Most online sellers already do five of these informally. GPSR asks you to make them explicit and auditable.
How Regonance helps
Regonance scans your existing product files — spec sheets, certificates, listing text, supplier documents — and rebuilds a structured GPSR readiness view: per-SKU technical-file gaps, RP coverage, listing-field completeness, and an incident-response checklist. The same data feeds the DPP and EPR modules without re-keying. Run a free scan on a single SKU to see what your current GPSR readiness looks like.
What to do this week
- Confirm which of your products are in GPSR scope (almost all consumer goods are).
- Appoint an EU Responsible Person if you do not have one, and add their details to every EU-bound listing.
- Audit your top 20 EU-selling SKUs for the Article 19 information set.
- Write the one-page incident SOP and circulate it to whoever monitors your customer-service inbox.
Glossary
Article 19. The provision of GPSR that lists the mandatory information online sellers must display before checkout for EU consumers.
EU Responsible Person. An EU-established natural or legal person designated by a non-EU manufacturer to handle GPSR compliance duties, including technical-file production and authority cooperation.
Safety Business Gateway. The EU portal where economic operators notify authorities of unsafe products and corrective actions.
Safety Gate Portal. The EU's rapid alert system for non-food dangerous products; the consumer-facing companion to the Safety Business Gateway.
Implementing Regulation (EU) 2024/1435. The template-and-procedure rule that prescribes how recalls and safety warnings must be communicated to consumers under GPSR.
Educational information, not legal advice. Validate scope and obligations with a qualified advisor before acting; consult the consolidated text of Regulation (EU) 2023/988 on EUR-Lex for the authoritative legal source.
Frequently asked questions
When did GPSR become enforceable?+
Regulation (EU) 2023/988 has applied across the EU 27 since 13 December 2024. It repealed the old 2001 General Product Safety Directive (GPSD) and introduced new duties for online sellers, marketplaces and non-EU manufacturers.
Who does GPSR apply to?+
Anyone placing a consumer product on the EU market: manufacturers, importers, distributors, fulfilment service providers and online marketplaces. Product category does not matter — GPSR is a horizontal baseline that applies wherever no sector-specific regulation already covers safety (toys, electronics, cosmetics keep their dedicated rules in addition).
Do I need GPSR compliance if I only sell on marketplaces like Amazon or Etsy?+
Yes. The marketplace has duties under Article 22, but the seller remains the responsible economic operator. Most marketplaces have now embedded GPSR fields into their listing flows and will suppress listings missing manufacturer, Responsible Person or warning data.
What are the penalties for non-compliance?+
Article 44 leaves penalty levels to Member States but requires them to be 'effective, proportionate and dissuasive.' In practice that ranges from a few thousand euros for missing labels in Germany to up to 4% of annual turnover under the French DGCCRF regime.
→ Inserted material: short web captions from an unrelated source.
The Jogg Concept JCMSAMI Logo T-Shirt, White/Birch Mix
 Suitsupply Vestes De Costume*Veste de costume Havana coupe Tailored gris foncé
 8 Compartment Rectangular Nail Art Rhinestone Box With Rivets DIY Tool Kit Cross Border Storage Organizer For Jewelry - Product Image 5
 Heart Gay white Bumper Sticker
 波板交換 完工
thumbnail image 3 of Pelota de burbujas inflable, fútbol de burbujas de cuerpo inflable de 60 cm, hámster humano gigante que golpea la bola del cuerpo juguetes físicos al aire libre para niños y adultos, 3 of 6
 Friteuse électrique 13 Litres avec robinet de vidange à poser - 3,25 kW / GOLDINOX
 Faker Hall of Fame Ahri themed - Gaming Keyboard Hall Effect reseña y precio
The bigger commercial risk is marketplace delisting and forced recall.
Is GPSR the same as CE marking?+
No. CE marking certifies conformity with specific product directives (toys, low voltage, machinery, EMC, etc.). GPSR is the residual safety net — it applies even where no CE-marking directive does, and it adds traceability, online-sales and recall duties that CE marking alone does not cover.